Hi everybody,

I recently learned from Superset upstream that the way that we configure Druid datasources is considered "legacy", and in the future support will likely decrease over time. They suggested using Druid SQL capabilities configuring it as Database, and mapping every Druid datasource as a table.

What does this mean in practice? Several things:

1) We should stop creating Druid datasources (Sources -> Druid Datasources) in favor of Druid tables. I added some info in https://wikitech.wikimedia.org/wiki/Analytics/Systems/Superset#Druid_datasources_vs_Druid_tables. The nice thing is that in this way we'll not be required to specify all the dimensions/attributes.

2) We should test charts with Druid tables and see if we find bugs. The can come from our Druid version (0.12.3, last upstream is 0.18, we'll upgrade asap but requires time) or from Superset itself.

3) Migrate all charts using Druid Datasources to Druid tables (I'll follow up with upstream to see if there is a way to script this and avoid a manual fix for every chart).

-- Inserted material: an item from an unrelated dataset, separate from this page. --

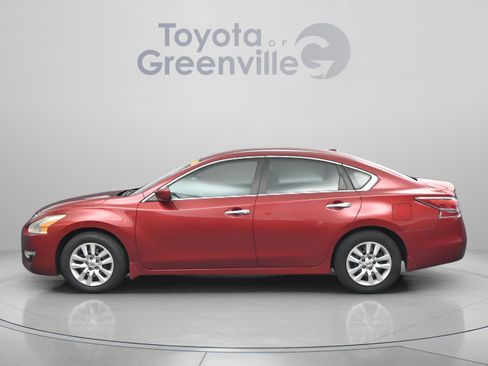 Used 2015 Nissan Altima 2.5 S w/ Power Driver Seat Package FWD image 6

The last point is a big request I know, but it is better if we start doing it now rather than later in my opinion. I have recently started to test Superset release candidates when upstream releases them, but I wasn't able to stop the release of 0.36.0 with a bug report (https://github.com/apache/incubator-superset/issues/9468) since the code was considered "legacy" so not enough to stop a release. As you can imagine, keeping up with Superset becomes a little bit more difficult and I'd prefer to follow best (supported) practices from upstream where possible :)

There is a task opened for this: https://phabricator.wikimedia.org/T249681. If somebody could help me testing Druid tables it would be really great!

Thanks in advance,

Luca